THE BUTTERFLY EFFECT: Jon Ronson On... Pornhub

The Butterfly Effect, Jon Ronson’s latest documentary, is about streaming.  More specifically it’s about Pornhub, and looks at the ways that different people’s lives have been affected by it, in often unexpected ways.


The first episode, deals with the growth of the company from one 16 year old (Fabian Thylmann, a pleasant but unashamed interviewee) scamming pornsites to get them for free to him making them redundant by pilfering their work.

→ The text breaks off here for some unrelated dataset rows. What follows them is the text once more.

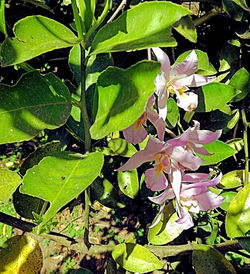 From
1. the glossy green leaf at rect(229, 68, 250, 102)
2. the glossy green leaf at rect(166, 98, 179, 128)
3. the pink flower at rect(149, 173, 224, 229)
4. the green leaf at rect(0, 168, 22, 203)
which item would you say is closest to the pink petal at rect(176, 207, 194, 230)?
the pink flower at rect(149, 173, 224, 229)

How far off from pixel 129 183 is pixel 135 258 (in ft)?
0.95

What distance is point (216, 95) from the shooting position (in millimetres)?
917

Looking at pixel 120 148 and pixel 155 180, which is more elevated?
pixel 155 180

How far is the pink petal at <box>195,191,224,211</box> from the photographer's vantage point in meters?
0.78

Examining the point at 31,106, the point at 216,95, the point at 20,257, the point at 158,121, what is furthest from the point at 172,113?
the point at 20,257

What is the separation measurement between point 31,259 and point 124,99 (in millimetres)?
526

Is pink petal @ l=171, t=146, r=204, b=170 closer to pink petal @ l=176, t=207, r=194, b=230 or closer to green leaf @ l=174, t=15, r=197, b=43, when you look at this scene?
pink petal @ l=176, t=207, r=194, b=230

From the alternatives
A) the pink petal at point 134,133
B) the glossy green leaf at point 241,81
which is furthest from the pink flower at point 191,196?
the glossy green leaf at point 241,81

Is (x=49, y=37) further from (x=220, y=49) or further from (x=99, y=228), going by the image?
(x=99, y=228)

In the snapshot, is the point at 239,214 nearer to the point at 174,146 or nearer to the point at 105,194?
the point at 105,194

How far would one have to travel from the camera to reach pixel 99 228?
109 inches

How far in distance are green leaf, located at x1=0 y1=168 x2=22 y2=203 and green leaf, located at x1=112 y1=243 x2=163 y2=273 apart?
0.34m

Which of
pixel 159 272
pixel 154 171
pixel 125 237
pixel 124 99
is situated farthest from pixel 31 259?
pixel 125 237

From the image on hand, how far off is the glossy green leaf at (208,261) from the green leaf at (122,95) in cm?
57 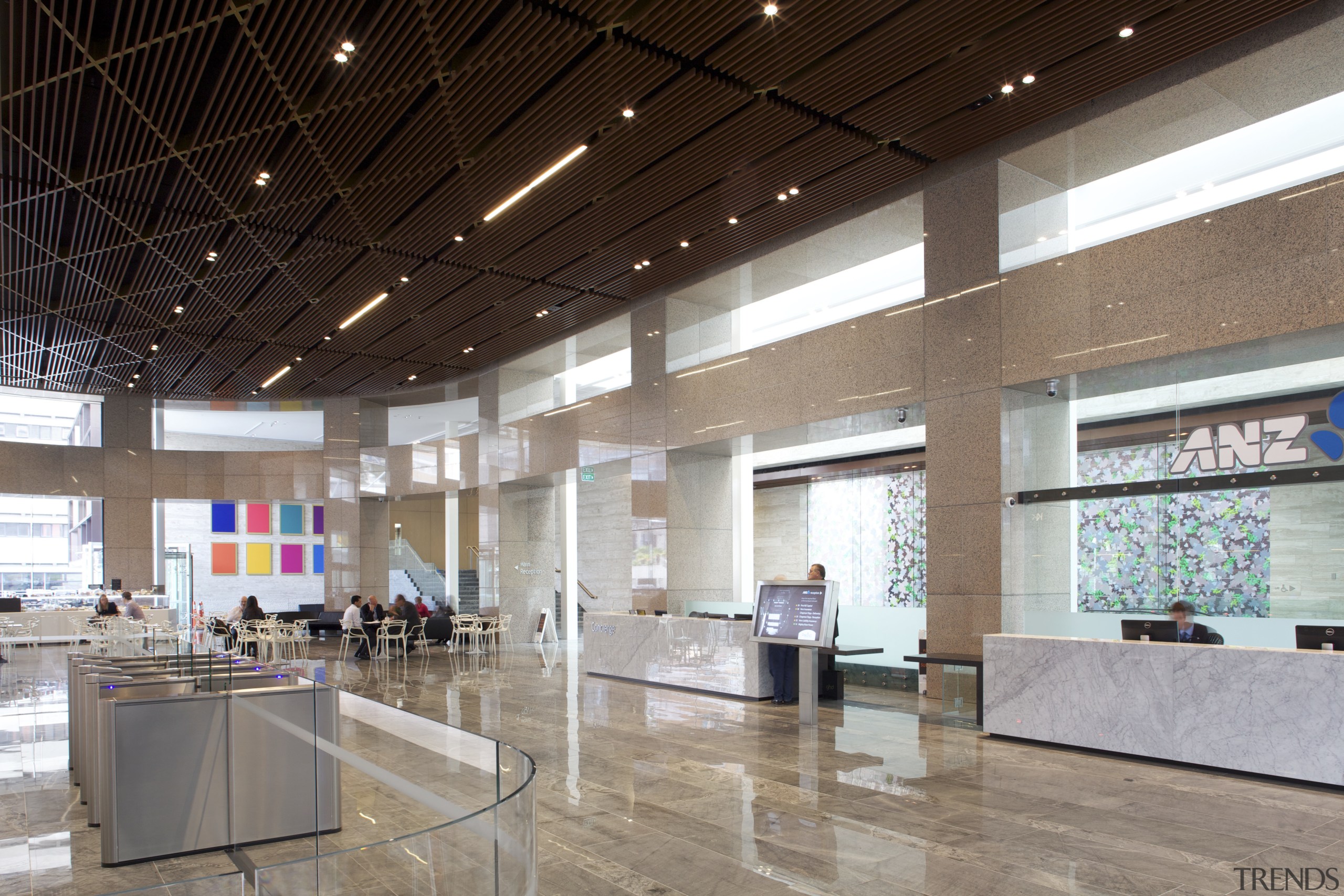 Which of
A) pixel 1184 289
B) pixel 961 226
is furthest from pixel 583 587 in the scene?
pixel 1184 289

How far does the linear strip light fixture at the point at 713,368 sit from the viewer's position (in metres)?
12.4

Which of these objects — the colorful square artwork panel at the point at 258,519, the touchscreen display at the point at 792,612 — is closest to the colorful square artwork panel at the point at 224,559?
the colorful square artwork panel at the point at 258,519

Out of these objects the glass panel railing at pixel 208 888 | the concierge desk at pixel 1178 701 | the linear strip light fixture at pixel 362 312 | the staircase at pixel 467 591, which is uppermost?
the linear strip light fixture at pixel 362 312

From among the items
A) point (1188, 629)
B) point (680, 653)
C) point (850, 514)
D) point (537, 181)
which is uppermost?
point (537, 181)

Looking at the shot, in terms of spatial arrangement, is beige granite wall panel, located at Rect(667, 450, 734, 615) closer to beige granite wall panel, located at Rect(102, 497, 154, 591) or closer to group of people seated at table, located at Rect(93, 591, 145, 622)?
group of people seated at table, located at Rect(93, 591, 145, 622)

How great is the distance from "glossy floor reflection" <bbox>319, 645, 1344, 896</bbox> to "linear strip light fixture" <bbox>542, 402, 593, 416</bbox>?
7782 millimetres

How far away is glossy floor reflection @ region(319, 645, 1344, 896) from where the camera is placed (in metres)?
4.27

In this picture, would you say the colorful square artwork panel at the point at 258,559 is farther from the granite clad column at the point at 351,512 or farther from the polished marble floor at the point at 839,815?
the polished marble floor at the point at 839,815

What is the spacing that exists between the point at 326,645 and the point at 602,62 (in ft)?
52.8

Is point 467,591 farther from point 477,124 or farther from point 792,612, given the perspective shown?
point 477,124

Ronson follows up all sorts of tangents in the following episodes, in a manner very similar to his Jon Ronson On… Radio 4 series.

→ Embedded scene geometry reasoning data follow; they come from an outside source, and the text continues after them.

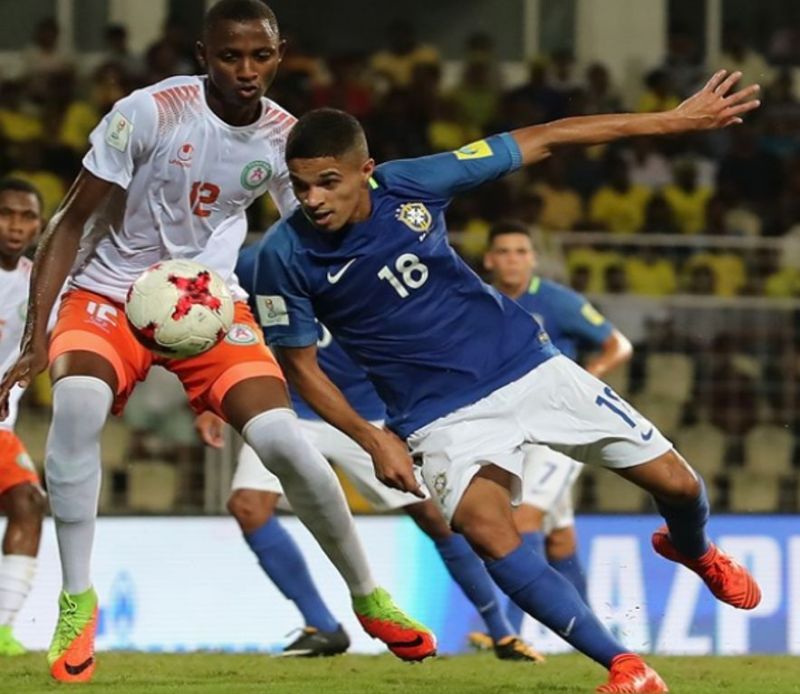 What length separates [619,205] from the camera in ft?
46.8

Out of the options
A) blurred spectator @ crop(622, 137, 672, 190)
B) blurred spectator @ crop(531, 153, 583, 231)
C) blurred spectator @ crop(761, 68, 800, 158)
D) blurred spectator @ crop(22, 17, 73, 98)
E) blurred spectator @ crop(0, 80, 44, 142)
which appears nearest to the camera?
blurred spectator @ crop(0, 80, 44, 142)

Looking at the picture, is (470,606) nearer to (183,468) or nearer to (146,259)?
(183,468)

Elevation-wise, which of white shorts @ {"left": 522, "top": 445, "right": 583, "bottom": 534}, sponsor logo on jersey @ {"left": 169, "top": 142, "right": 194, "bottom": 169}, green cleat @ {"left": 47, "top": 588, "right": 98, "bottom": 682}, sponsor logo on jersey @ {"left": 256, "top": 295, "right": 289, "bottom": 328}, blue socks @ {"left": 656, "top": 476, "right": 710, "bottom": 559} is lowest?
white shorts @ {"left": 522, "top": 445, "right": 583, "bottom": 534}

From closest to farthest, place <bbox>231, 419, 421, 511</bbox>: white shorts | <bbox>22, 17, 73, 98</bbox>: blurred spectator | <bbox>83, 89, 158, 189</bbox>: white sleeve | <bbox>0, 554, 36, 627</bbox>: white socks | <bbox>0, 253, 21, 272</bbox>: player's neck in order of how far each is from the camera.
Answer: <bbox>83, 89, 158, 189</bbox>: white sleeve → <bbox>0, 554, 36, 627</bbox>: white socks → <bbox>0, 253, 21, 272</bbox>: player's neck → <bbox>231, 419, 421, 511</bbox>: white shorts → <bbox>22, 17, 73, 98</bbox>: blurred spectator

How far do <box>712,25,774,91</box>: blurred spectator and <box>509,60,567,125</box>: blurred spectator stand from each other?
1.82m

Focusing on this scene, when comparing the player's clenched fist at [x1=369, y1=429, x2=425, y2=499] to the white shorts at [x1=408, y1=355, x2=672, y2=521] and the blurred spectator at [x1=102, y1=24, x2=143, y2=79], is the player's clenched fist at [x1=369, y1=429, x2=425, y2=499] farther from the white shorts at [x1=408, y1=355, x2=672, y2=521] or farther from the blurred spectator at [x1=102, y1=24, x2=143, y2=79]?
the blurred spectator at [x1=102, y1=24, x2=143, y2=79]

So, we meet an old school porn director in the US describing how Pornhub has affected his livlihood; a porn star agent, who sounds every bit is ruthless and sleazy as you might expect; the porn star who was told to stop tweeting about how unhappy she was because it wasn’t sexy.  There’s the really rather sweet company that makes bespoke porn films (including a clothed woman swatting a fly, and someone who wants to see his stamp collection burnt); a man who found a sex doll who looked exactly like his first love, which he bought and now dresses and shares a bed with it (while his incredibly patient wife sleeps in the spare room); and the darker tales of a pastor who committed suicide after the Ashley Madison leaks (Ashley Madison was owned by PornHub), and children as young as 6 being put on the sex offender register.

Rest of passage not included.